In the example of RA, where a gold standard was available for comparison, we found that the probability of being a case from the PheProb approach better distinguished cases and controls than the standard thresholding method. That is, identifying cases as patients with above average PheProb probability was a more accurate case definition than identifying cases as patients with more than 2 ICD-9 code counts (F1 score of 0.83 vs. 0.57, p < .0001). This is likely because the clustering step seeks to separate cases and controls in a data-adaptive way, and uses both information in the disease-relevant billing codes and the total billing codes in the clustering, rather than using a fixed threshold on just the relevant billing codes.

As detailed here, many aspects of the PheProb approach were designed to improve genetic association test power: leveraging the diagnosis code counts as a quantitative variable instead of dichotomizing it; integrating healthcare utilization in the structure of the mixture model; and using the continuous model-predicted probability of being a disease case as an outcome instead of thresholding it to identify case-control status. Unfortunately, it is difficult to disentangle the impacts on power of each of these aspects. For example, a patient's healthcare utilization $C$ enters the method as a parameter in the binomial mixture model; avoiding reliance on $C$ would necessitate using a different parametric mixture model, but performance differences due to the change in model and the reliance on $C$ cannot be rigorously disentangled. Similarly, we propose using the model-predicted probability rather than a dichotomous outcome in the genetic association test; this is because we feel that the probability better carries forward phenotyping uncertainty into the test, but it is also not obvious how best to dichotomize that predicted probability into a case-control outcome in the absence of any gold-standard outcome data, and whether patients with mid-level predicted probability should be excluded in such a dichotomization.
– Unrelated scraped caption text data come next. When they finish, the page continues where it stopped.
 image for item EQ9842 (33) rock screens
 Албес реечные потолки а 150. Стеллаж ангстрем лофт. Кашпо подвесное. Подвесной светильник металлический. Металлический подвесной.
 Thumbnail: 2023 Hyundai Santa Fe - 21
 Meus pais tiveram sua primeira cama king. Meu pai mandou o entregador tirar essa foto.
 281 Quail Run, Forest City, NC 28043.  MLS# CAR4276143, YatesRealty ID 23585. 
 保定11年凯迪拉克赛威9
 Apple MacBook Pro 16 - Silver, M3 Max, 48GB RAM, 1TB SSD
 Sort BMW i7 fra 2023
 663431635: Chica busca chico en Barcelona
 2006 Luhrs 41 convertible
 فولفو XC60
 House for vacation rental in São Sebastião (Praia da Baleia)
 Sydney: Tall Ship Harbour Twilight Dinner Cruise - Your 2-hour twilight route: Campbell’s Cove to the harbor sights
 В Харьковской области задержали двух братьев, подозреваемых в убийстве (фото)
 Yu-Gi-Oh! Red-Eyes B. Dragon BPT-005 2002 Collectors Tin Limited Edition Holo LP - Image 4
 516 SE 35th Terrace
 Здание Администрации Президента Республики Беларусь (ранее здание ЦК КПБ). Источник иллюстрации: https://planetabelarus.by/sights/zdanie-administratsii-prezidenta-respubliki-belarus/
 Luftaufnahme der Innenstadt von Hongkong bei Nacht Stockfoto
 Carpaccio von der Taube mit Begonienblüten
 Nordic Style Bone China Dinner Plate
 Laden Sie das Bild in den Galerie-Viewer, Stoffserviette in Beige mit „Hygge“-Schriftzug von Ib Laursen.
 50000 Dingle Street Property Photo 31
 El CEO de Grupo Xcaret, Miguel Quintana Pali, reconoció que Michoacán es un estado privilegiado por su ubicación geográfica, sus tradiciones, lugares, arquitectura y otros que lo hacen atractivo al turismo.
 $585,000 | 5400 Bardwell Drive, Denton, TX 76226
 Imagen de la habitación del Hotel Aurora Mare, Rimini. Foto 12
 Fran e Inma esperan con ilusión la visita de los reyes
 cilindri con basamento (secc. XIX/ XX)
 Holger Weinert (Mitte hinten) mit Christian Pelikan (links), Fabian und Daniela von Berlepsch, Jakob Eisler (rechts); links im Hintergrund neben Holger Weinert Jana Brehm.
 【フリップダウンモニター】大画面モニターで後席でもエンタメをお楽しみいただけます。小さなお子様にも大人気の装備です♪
With no additional covariates (such as age and gender), our genotype-phenotype test is essentially model-free—it is fundamentally testing whether the genotype and phenotype are statistically independent. Thus, it is a valid test across a wide range of true disease-genotype models. With additional covariates, our model is still valid across a wide range of true disease-genotype models so long as the genotype is independent of those covariates. Relaxing this assumption to produce an even more robust test is a direction of future research.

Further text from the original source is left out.